INSTRUCTIONS TO FOLLOW: Find the line with "Scenic countryside view" in the entries below, then reproduce it and every line after it down to and including the line with "Long garage en", exactly.

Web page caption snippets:
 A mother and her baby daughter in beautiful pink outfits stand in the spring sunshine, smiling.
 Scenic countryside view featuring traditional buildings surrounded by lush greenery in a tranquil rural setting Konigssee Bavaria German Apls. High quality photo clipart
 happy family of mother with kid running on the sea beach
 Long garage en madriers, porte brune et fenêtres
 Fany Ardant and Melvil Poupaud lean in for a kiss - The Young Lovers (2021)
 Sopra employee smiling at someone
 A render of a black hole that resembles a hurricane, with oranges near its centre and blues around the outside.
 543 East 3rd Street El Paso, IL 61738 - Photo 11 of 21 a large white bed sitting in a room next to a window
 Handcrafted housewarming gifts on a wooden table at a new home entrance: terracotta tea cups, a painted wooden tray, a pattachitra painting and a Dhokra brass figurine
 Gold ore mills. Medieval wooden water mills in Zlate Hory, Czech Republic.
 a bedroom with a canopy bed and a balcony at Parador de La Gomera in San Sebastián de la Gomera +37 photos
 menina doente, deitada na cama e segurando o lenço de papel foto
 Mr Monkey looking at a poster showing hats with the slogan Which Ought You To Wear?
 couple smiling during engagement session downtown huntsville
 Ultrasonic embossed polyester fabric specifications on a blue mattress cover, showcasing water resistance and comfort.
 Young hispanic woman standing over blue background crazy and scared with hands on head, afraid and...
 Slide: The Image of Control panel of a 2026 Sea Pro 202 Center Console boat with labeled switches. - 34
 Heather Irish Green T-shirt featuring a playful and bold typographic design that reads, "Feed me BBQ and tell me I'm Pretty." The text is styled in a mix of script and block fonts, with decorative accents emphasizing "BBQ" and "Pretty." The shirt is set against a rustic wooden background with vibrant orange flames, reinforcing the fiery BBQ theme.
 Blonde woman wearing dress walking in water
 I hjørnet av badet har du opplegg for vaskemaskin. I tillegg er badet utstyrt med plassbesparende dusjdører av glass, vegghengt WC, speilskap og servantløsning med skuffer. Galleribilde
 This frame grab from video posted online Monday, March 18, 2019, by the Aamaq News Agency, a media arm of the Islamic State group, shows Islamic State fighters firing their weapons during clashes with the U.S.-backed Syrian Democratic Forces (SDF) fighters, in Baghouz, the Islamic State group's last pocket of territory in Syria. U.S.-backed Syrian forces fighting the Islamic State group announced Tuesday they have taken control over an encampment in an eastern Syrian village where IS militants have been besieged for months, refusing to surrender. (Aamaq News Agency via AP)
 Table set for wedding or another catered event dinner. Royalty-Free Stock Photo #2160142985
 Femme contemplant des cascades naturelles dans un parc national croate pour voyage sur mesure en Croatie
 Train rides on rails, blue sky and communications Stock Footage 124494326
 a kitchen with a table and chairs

RESULT FOR THIS EXERCISE:
 Scenic countryside view featuring traditional buildings surrounded by lush greenery in a tranquil rural setting Konigssee Bavaria German Apls. High quality photo clipart
 happy family of mother with kid running on the sea beach
 Long garage en madriers, porte brune et fenêtres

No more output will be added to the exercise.